O mês de agosto será decisivo para saber se o Rio Grande do Sul poderá ser beneficiado pela grande demanda do setor sucroalcooleiro. Até o dia 15, o Ministério da Agricultura deve bater o martelo sobre a inclusão ou não do Estado no zoneamento agrícola da cana-de-açúcar voltada para produção de etanol. A previsão de área cultivada chega a 350 mil hectares - contra os parcos 35 mil hectares cultivados hoje - que permitirá uma produtividade de 5 a 6 mil litros por hectare, um volume expressivo que desoneraria o Estado do pagamento dos cerca de R$ 1,3 milhão pagos para São Paulo e Paraná pela importação de 99% do álcool que consome. Desde que anunciou o projeto para a produção do polímero verde - desenvolvido a partir do etanol para a composição de polietileno - a Braskem é uma das empresas que está na torcida para que o Rio Grande do Sul seja incluído no zoneamento agrícola da cana-de-açúcar. Não há dúvidas de que o Estado têm condições técnicas de produzir, mesmo com clima mais frio. Basta ter manejo correto", ratifica o líder comercial do projeto de polietileno verde da Braskem, Luiz Nitschke. Para dar a largada no processo de desenvolvimento do projeto, a empresa está trazendo etanol de São Paulo e do Paraná, mas aponta as desvantagens da importação do produto. Segundo ele, além do custo de logística, há o custo ambiental. "Ao transportarmos o álcool emitimos CO² para o meio ambiente, prática que justamente queremos evitar produzindo o polímero verde. Isso reduz a nossa vantagem ambiental", explica.

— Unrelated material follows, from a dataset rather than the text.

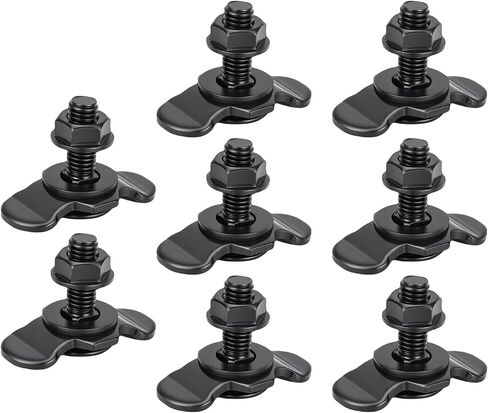 L Track Double Lug Threaded Stud Nut Fittings, Galvanized Iron M8x30 L Track Threaded Stud Fittings, 6000lb Load Capacity for Pickup RV ATV Truck Trailer Cargo Control (Black) in Kuwait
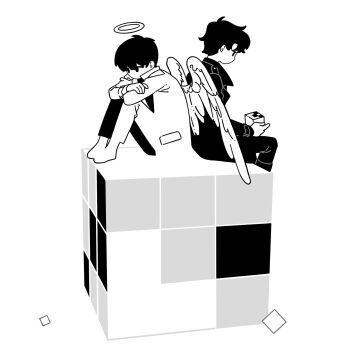 2boys angel back-to-back black_coat black_hair black_shirt chibi chibi_only coat curled_up elbows_on_knees feathered_wings full_body halo highres holding_cube kim_dokja knees_up male_focus multiple_boys omniscient_reader&#039;s_viewpoint open_clothes open_coat rubik&#039;s_cube shirt short_hair sitting twle white_coat white_wings wings yoo_joonghyuk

O projeto já vem sendo desenvolvido em caráter experimental, com a criação de pilotos, como no caso do jogo Banco Imobiliário Sustentável. A demanda pelo polímero verde é crescente no mundo em função do seu apelo de sustentabilidade. O apresentado pela Braskem é o primeiro do mundo com 100% de matéria-prima renovável e por ser produzido a partir da cana-de-açúcar, possibilitará a criação de uma resina que não seja suscetível às oscilações no preço do petróleo e seus derivados.